# HGVC -Just TS salemen lies or truth?



## Bill4728 (Sep 9, 2006)

We just got back from Hawaii after staying at the new HGVC TS on the Big Island. 

Heard two things that I don't believe.

1. Elite owners will now be able to make a full week reservation at *any* HGVC TS at 12 moths and not have to wait for the 9 month open season.

2. Hilton Honors will not  be available to resale buyers. 

Just TS salemen lies or truth?


----------



## timeos2 (Sep 9, 2006)

*Sales weasels speak. Half truths are best you can get*

Don't know the specifics about HGVC but, if a sales weasel said it, chances are that you can buy it for 50% of the cost quoted and the facts were twisted to make it sound good for them.  Why would Hilton Honors Points be tied to retail only? I can get them as a non-owner!  Sounds like "weasel droppings" to me.


----------



## biswassb (Sep 9, 2006)

Bill4728 said:
			
		

> We just got back from Hawaii after staying at the new HGVC TS on the Big Island.
> 
> Heard two things that I don't believe.
> 
> ...




The whole timeshare business is dishonest.  Very rarely I encounter truth.  Particularly the timeshares that involve big corporations like Hilton, Marriott, Hyatt, you can't expect truth.  They are either not telling everything, or lying and in most cases continuously changing the rules of the game in their favor.  They are in the business of making money and make owners/share holders happy.  If you work for them you have to do whatever you have to do to make a sale.  It is hard to even blame them for lying.  Only newbies with a big name timeshare purchase gets very elated.  It is all downhill from there.


----------



## dvc_john (Sep 9, 2006)

Haven't heard of either of these, but it's possible it's something that's coming.
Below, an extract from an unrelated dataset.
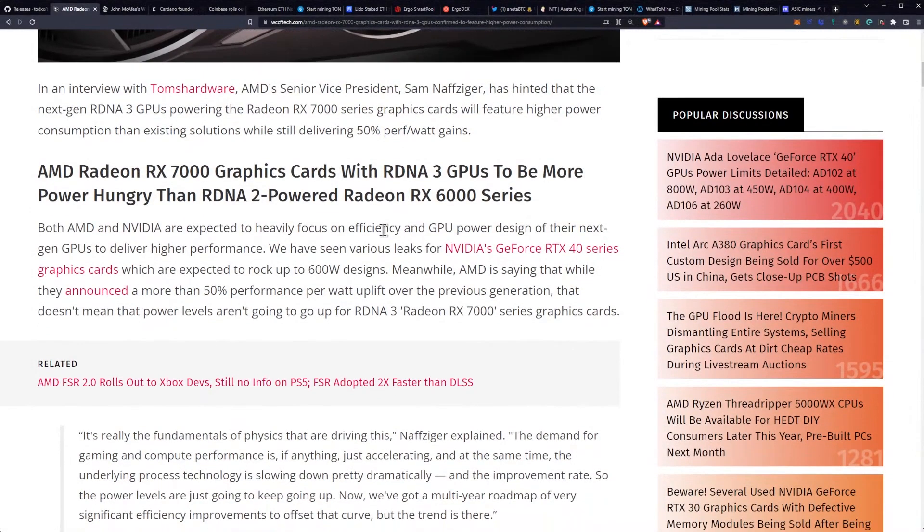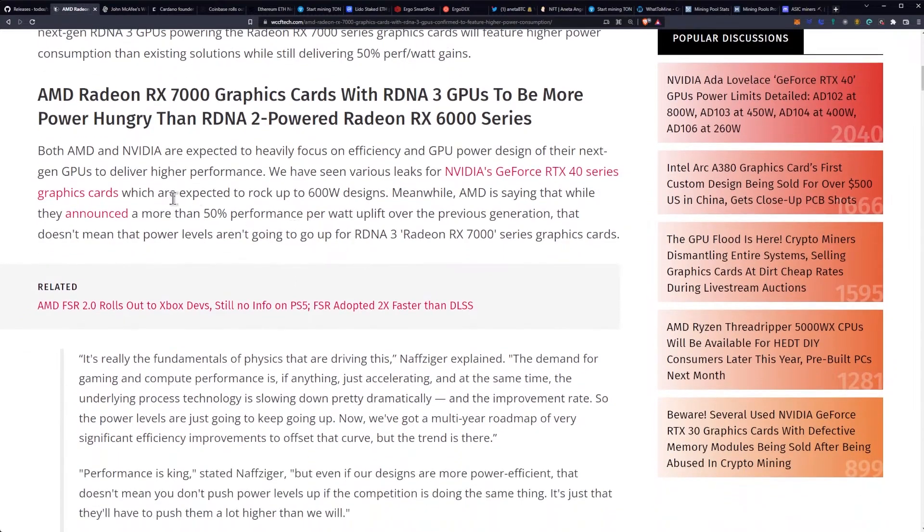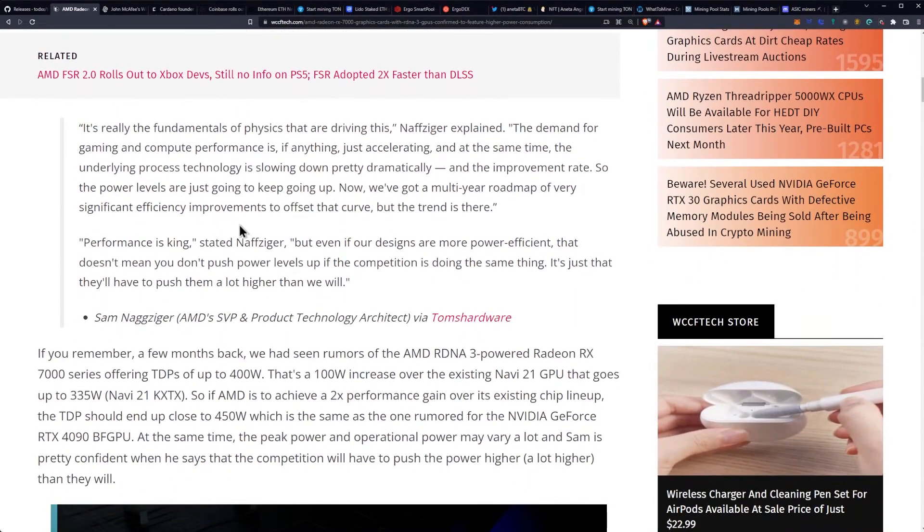Both AMD and Nvidia are expected to heavily focus on efficiency and GPU power designs for their next-gen GPUs. We've seen various leaks for Nvidia's GeForce RTX 40 series expected to rock up to 600-watt designs. Meanwhile, AMD says that while they announced a more than 50% performance-per-watt uplift, that doesn't mean power levels won't go up for RDNA 3. Sam explained: 'It's really the fundamentals of physics driving this. The demand for gaming and compute performance is accelerating, and at the same time the underlying process technology is slowing down in its improvement rate. So power levels are just going to keep going up.' He noted they have a multi-year roadmap of efficiency improvements, but the trend is there.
Currently, elite members have advance access to the 1 or 2 resorts currently being sold. I believe right now that's Waikaloa and Las Vegas strip. Maybe they are going to open that up.

Perhaps on Hhonors points, he meant converting HGVC points to Hhonors points. I haven't heard of any change. But that's the way Marriott does it. Cannot convert a Marriott week to MarriottRewards points on a week purchased resale and not thru Marriott resales.

You've been told by others not to believe everything a TS salesman tells you. Well, don't believe everything you read on tug! I'm learning that some people are extremely negative individuals!


----------



## Carmel (Sep 10, 2006)

biswassb said:
			
		

> The whole timeshare business is dishonest.  Very rarely I encounter truth.  Particularly the timeshares that involve big corporations like Hilton, Marriott, Hyatt, you can't expect truth.  They are either not telling everything, or lying and in most cases continuously changing the rules of the game in their favor.  They are in the business of making money and make owners/share holders happy.  If you work for them you have to do whatever you have to do to make a sale.  It is hard to even blame them for lying.  Only newbies with a big name timeshare purchase gets very elated.  It is all downhill from there.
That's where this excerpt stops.